Data for this exercise –
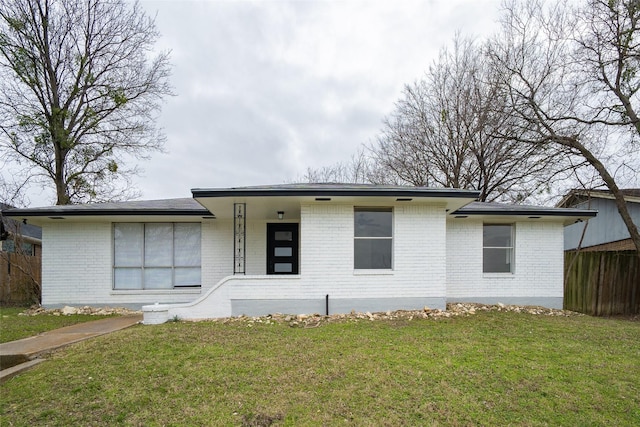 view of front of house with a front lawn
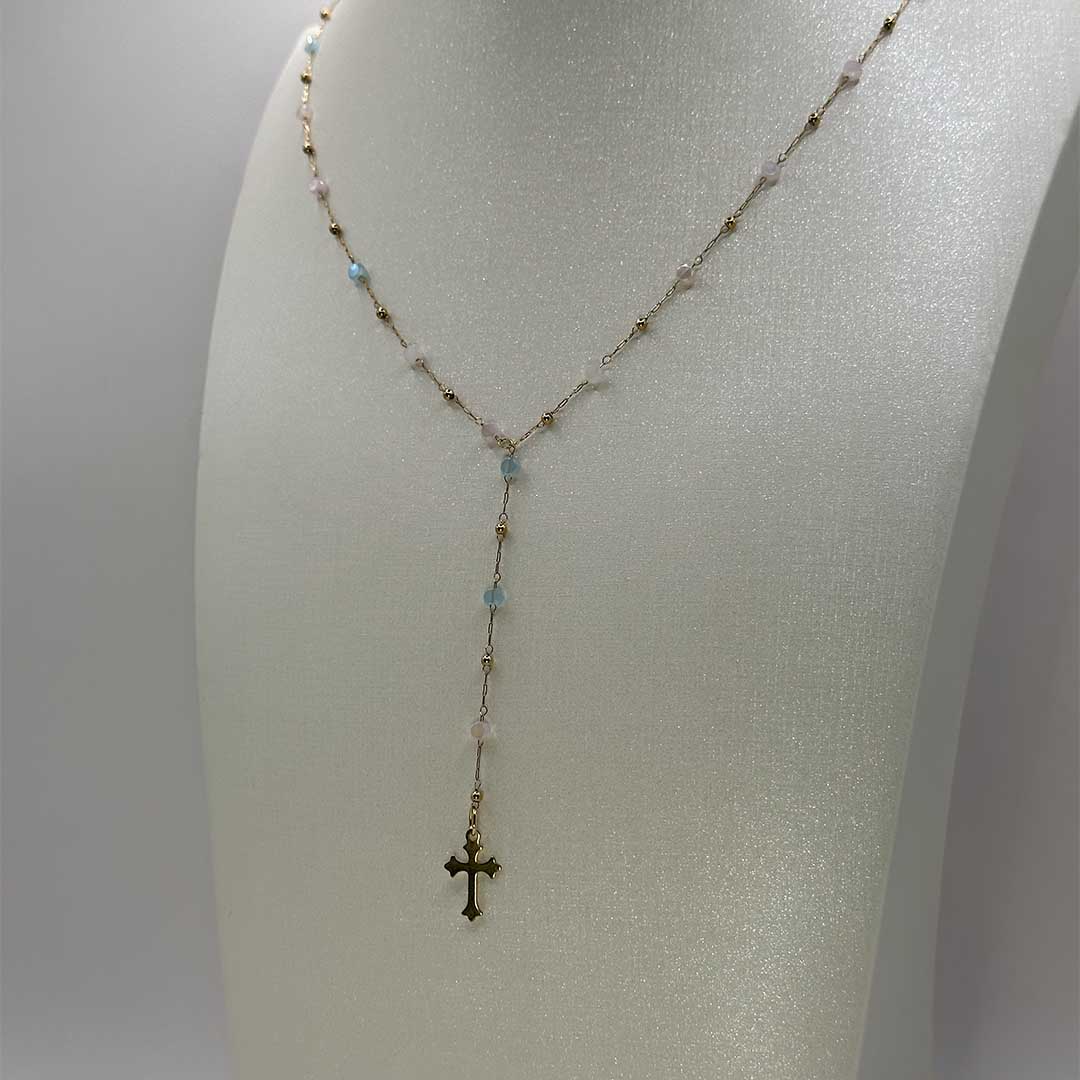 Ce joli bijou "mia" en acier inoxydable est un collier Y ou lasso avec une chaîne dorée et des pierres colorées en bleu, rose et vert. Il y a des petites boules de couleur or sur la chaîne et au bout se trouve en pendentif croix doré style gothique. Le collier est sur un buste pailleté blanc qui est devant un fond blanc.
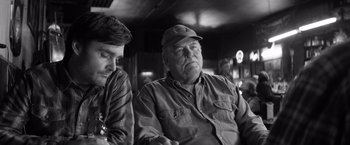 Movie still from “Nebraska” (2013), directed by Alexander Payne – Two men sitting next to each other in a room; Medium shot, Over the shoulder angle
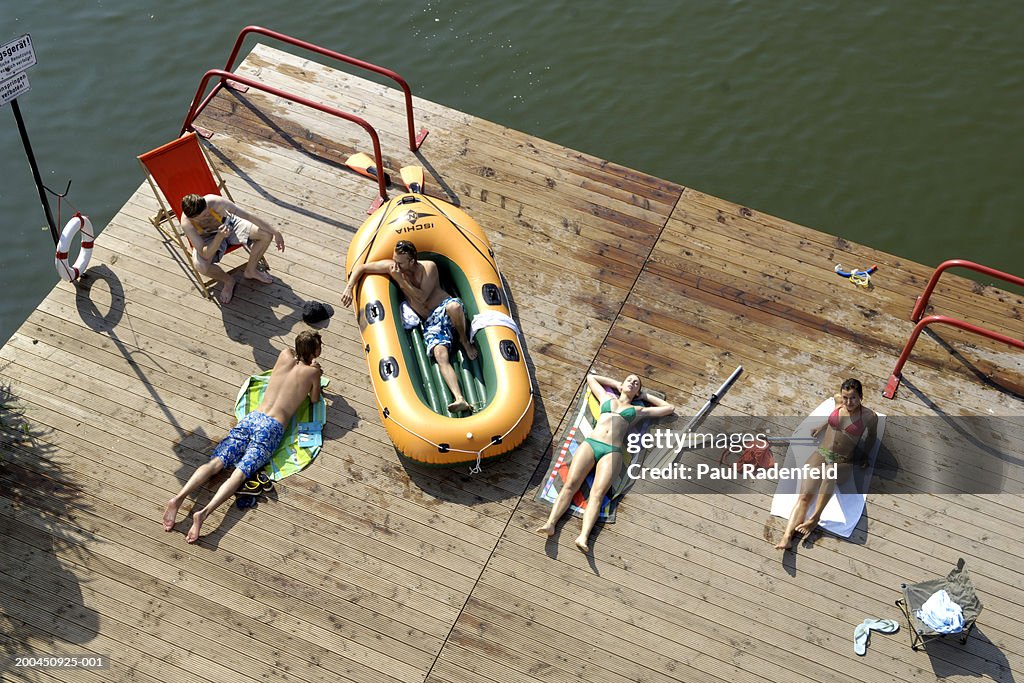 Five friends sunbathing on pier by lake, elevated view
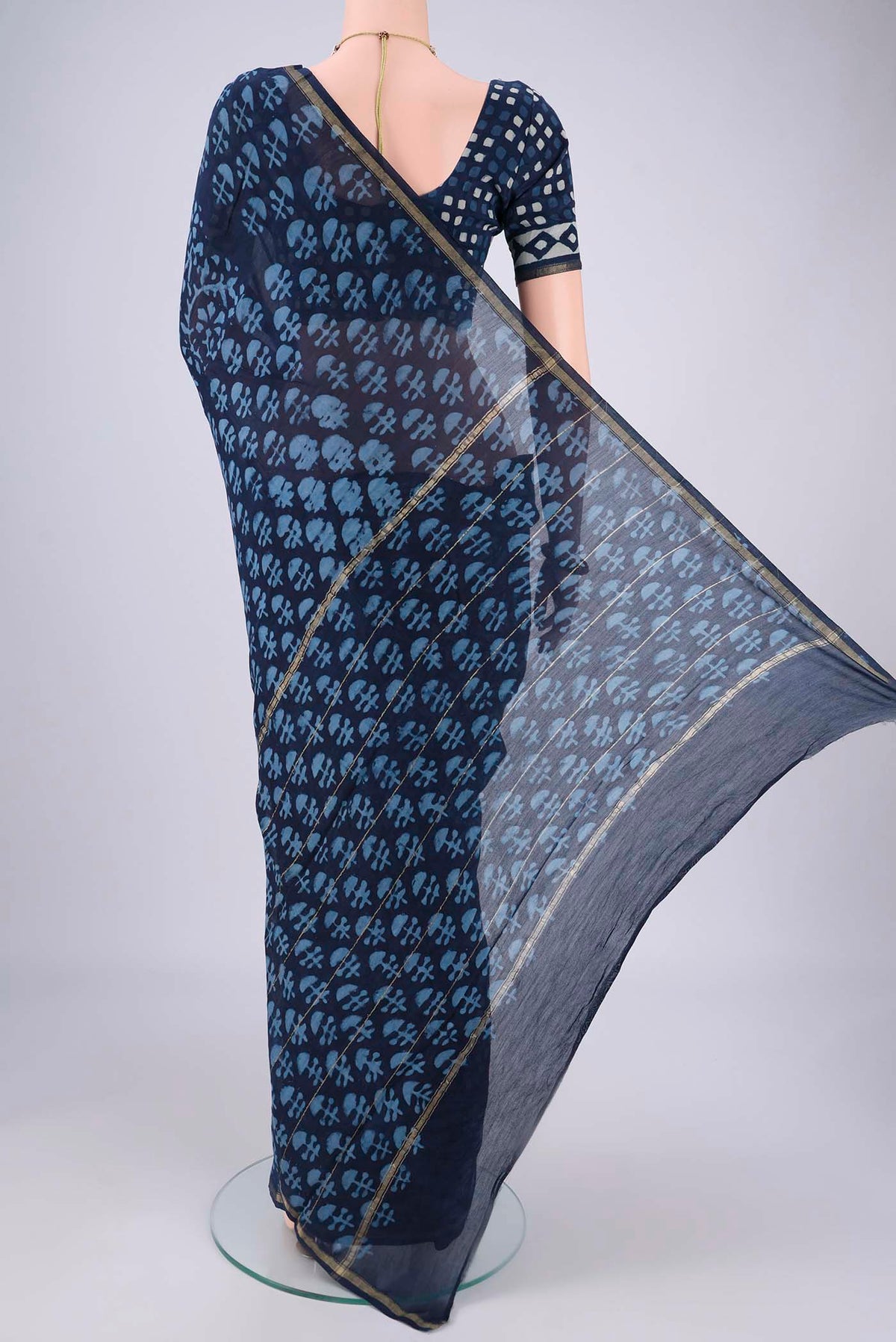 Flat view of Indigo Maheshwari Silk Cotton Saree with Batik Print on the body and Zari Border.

Brief – Every line of the records above should be copied exactly, while the pictures are left behind.

Solution for this problem –
 view of front of house with a front lawn
 Ce joli bijou "mia" en acier inoxydable est un collier Y ou lasso avec une chaîne dorée et des pierres colorées en bleu, rose et vert. Il y a des petites boules de couleur or sur la chaîne et au bout se trouve en pendentif croix doré style gothique. Le collier est sur un buste pailleté blanc qui est devant un fond blanc.
 Movie still from “Nebraska” (2013), directed by Alexander Payne – Two men sitting next to each other in a room; Medium shot, Over the shoulder angle
 Five friends sunbathing on pier by lake, elevated view
 Flat view of Indigo Maheshwari Silk Cotton Saree with Batik Print on the body and Zari Border.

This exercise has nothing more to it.